Wednesday, January 25, 2017

Week Three EOC: Creative Thinking

       Creative thinking is the process of coming up with a solution with an open mind. Taking many different ideas and working them in different ways to figure out the best solution. “Although at first glance, creative thinking techniques may sometimes look a bit ridiculous, there are good principles behind most of them. However skeptical you may be about their potential, it’s a good idea to approach them with an open mindhttp://www.skillsyouneed.com/ps/creative-thinking.html. “A way of looking at problems or situations from a fresh perspective that suggests unorthodox solutions (which may look unsettling at first). Creative thinking can be stimulated both by an unstructured process such as brainstorming, and by a structured process such as lateral thinking” http://www.businessdictionary.com/definition/creative-thinking.html. Although it may seem easy to have an open mind it does take a lot of work. “Creative people work hard and continually to improve ideas and solutions, by making gradual alterations and refinements to their works. Contrary to the mythology surrounding creativity, very, very few works of creative excellence are produced with a single stroke of brilliance or in a frenzy of rapid activity. Much closer to the real truth are the stories of companies who had to take the invention away from the inventor in order to market it because the inventor would have kept on tweaking it and fiddling with it, always trying to make it a little better” http://www.virtualsalt.com/crebook1.htm. Creative thinking takes much time and work, because you are constantly having to re-think your idea and come up with new and different solutions.  “Solutions become more obvious when you fill in the gaps around them with trial-and-error. Studies even show good, novel ideas rest on the willingness to continually rethink a problem” https://www.helpscout.net/blog/creative-thinking/.  “Though past breakthroughs sometimes have come from a single genius, the reality today is that most innovations draw on many contributions” https://hbr.org/2008/10/creativity-and-the-role-of-the-leader.  
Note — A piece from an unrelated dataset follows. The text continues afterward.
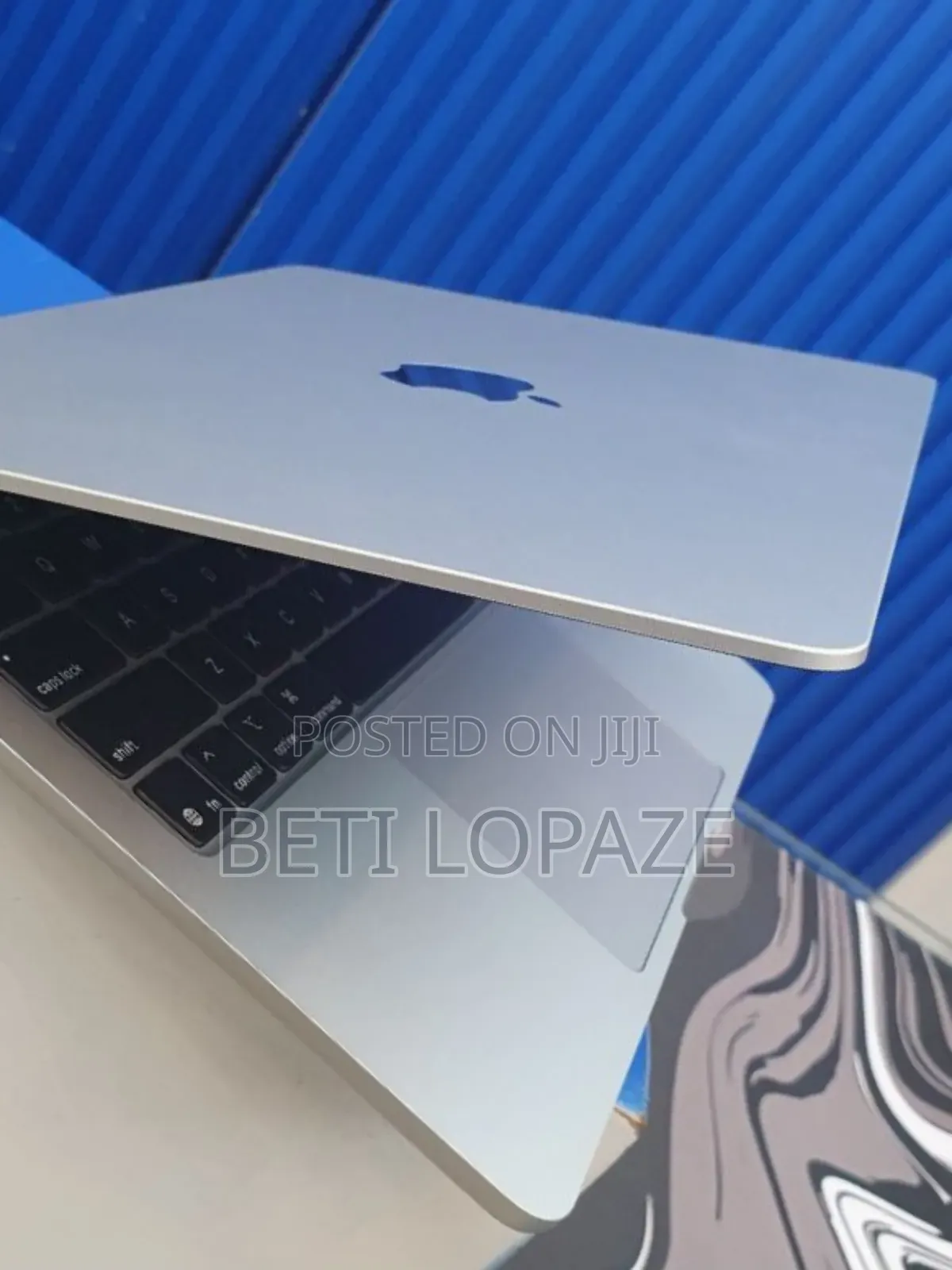 New Apple MacBook Air 2025 M4 13-Inch 16GB Intel Core I5 SSD 512GB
Thursday, January 19, 2017

Week Two EOC: Questionable Ethics



Burger King's ad "It'll Blow Your Mind Away" is very sexualized, even using the word blow in the advertisement. It portrays the wrong images for individuals who are seeing this ad. Which it is honestly disgusting the way Burger King portrayed its own food. I believe there are many other ways to let customers know that your food is delicious without having to sexualize the food and some girl.















This ad is letting people know that your workout is more important than your relationships. That your girlfriend/any person is of less importance, Implying they have less worth than your own workout. It is also saying that cheating in a relationship is absolutely okay to do. I understand that Reebok was trying to make a statement that your health and exercise is very important but I do believe they took it to far with this ad. I believe they were trying to turn it in to a more funny less serious kind of thing, but it went the wrong way. There is nothing funny about cheating in a relationship. There are many other ways to show the importance of working out.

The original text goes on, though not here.